Philippines: BSP kicks off policy normalisation
First hike since 2018
Group Research - Econs, Chua Han Teng20 May 2022
Article image
Photo credit: Unsplash Photo
Read More

The Bangko Sentral Ng Pilipinas (BSP) joined the regional monetary policy tightening trend in yesterday’s meeting. It raised the key policy rate by 25bps to 2.25% from a record low of 2.0%, aiming to proactively combat inflation concerns amid stronger than expected 1Q22 economic growth and labour market improvement. Yesterday’s move marked the first hike since late-2018.

The BSP said that it will continue with gradual withdrawal of its extraordinary liquidity interventions and normalisation of policy settings. The timing and pace will however be data dependent. This suggests that the BSP would avoid hiking by 50bps in a single meeting like in 2018, which might hurt the economy at a period of elevated external uncertainty. With the BSP appearing geared towards fighting inflation as reflected in yesterday’s decision, we think there is a reasonable likelihood for policymakers to remain relatively hawkish, and potentially adopt back-to-back rate hike in the June meeting. Factors to consider include the BSP’s intent to arrest upside and persistent inflation risks; anchor inflation expectations; policymakers’ expectations for a durable economic recovery, which can potentially spark further demand-pull inflation; and a weak peso. Real interest rates are also very negative based on our estimates.



Philippines’ headline inflation already exceeded the BSP’s 2-4% target in April, printing at 4.9% YoY. Other than supply-driven upside price pressures from elevated commodity prices, the BSP appeared to be concerned about second-round effects from the recent minimum wage hikes in some regions. The Monetary Board therefore viewed yesterday’s increase as timely to ‘arrest further second-round effects and temper the build-up in inflation expectations.’ The authorities are expecting headline inflation to stay above 5% YoY in the coming months before easing in 2023. The BSP raised its headline inflation forecasts for 2022 and 2023 to 4.6% and 3.9%, respectively (from 4.3% and 3.6% in March’s meeting). Despite the upward revisions, policymakers still see upside risks for both years.
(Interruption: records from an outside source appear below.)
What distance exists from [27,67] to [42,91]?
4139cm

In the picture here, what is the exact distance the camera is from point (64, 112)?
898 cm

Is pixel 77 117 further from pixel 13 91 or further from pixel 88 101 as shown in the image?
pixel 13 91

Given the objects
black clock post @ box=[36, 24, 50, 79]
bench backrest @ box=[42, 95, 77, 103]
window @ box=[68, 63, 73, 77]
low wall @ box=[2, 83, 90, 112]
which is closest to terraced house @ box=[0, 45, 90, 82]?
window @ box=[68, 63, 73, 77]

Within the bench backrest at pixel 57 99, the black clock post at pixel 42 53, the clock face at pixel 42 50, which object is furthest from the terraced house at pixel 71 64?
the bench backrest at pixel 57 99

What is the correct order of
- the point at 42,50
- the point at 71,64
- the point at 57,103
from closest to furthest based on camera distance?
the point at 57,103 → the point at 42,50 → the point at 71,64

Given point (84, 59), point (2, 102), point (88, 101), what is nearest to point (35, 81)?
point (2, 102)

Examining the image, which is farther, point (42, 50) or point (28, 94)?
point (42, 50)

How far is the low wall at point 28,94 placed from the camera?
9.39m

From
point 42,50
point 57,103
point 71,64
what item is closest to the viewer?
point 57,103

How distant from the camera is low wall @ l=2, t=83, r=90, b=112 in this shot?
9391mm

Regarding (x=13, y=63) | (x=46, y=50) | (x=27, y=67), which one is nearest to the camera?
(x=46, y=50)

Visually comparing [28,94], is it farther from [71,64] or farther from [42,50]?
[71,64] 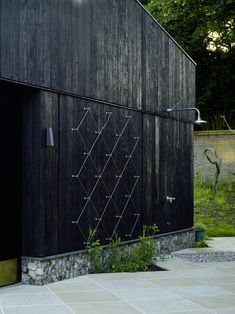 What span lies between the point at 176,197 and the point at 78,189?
4204 mm

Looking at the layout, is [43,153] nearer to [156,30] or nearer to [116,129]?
[116,129]

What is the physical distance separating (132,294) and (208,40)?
2393 cm

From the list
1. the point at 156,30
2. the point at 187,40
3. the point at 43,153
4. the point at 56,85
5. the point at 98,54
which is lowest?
the point at 43,153

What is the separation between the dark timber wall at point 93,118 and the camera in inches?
335

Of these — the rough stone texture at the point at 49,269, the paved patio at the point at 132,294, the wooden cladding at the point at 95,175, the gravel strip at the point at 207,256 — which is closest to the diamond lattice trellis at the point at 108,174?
the wooden cladding at the point at 95,175

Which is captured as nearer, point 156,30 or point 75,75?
point 75,75

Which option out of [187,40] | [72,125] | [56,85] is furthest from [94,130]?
[187,40]

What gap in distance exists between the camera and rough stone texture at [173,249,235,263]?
Answer: 37.8ft

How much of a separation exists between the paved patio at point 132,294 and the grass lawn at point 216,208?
740 cm

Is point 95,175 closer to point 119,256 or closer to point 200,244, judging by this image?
point 119,256

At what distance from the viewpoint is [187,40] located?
90.4 ft

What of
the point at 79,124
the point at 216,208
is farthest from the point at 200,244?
the point at 216,208

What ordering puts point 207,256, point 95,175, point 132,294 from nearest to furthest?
point 132,294
point 95,175
point 207,256

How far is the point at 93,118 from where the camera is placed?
980 cm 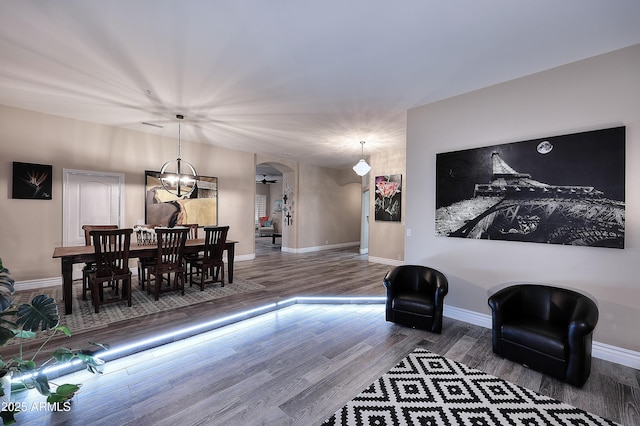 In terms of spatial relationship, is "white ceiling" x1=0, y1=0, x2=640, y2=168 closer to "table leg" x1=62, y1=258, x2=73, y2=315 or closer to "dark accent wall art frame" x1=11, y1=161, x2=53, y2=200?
"dark accent wall art frame" x1=11, y1=161, x2=53, y2=200

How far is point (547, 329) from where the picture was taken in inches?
98.1

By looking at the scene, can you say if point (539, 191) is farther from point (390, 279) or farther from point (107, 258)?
point (107, 258)

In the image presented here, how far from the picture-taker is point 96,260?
358 centimetres

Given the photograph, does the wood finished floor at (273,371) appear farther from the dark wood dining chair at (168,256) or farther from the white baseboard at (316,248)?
the white baseboard at (316,248)

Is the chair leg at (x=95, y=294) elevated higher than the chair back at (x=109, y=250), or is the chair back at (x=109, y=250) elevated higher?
the chair back at (x=109, y=250)

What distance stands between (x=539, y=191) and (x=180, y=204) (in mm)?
6314

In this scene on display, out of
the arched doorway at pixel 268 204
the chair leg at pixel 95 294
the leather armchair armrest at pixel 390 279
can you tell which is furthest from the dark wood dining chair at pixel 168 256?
the arched doorway at pixel 268 204

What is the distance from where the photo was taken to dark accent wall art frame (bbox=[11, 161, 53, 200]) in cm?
442

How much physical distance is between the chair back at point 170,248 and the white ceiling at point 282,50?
74.4 inches

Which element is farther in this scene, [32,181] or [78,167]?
[78,167]

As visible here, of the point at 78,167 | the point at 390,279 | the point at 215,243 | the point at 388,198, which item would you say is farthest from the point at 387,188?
the point at 78,167

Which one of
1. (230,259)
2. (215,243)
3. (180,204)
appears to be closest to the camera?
(215,243)

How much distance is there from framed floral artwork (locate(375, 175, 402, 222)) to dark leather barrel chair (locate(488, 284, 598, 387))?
3.97 meters

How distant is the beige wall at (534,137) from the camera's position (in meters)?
2.61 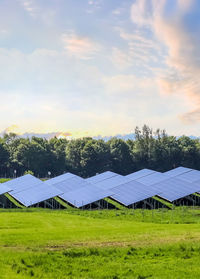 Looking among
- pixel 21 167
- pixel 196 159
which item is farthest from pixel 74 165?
pixel 196 159

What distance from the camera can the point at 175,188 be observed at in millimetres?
59312

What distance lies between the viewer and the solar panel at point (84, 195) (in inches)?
2088

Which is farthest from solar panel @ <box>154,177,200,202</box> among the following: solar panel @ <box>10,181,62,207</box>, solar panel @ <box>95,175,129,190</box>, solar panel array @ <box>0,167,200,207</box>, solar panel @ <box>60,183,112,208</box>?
solar panel @ <box>10,181,62,207</box>

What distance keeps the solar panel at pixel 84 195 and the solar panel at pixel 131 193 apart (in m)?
1.80

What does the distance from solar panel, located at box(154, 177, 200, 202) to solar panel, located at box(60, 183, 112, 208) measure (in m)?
9.61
Beyond raising the policy rate, the central bank also withdrew other unconventional pandemic-era measures. First, the National Government will fully settle the provisional advances provided by the BSP on 20 May 2022, around one month ahead of the maturity schedule of 11 June 2022. Second, the BSP recalibrated its government bond purchase window away from a crisis intervention measure to a regular liquidity facility to manage domestic liquidity. The banking system is seeing ample liquidity even as overall credit growth is recovering and trending higher.

 

Chua Han Teng, CFA

Economist
[email protected]

 

Subscribe here to receive our economics & macro strategy materials.
To unsubscribe, please click here.

Topic

GENERAL DISCLOSURE/ DISCLAIMER (For Macroeconomics, Currencies, Interest Rates)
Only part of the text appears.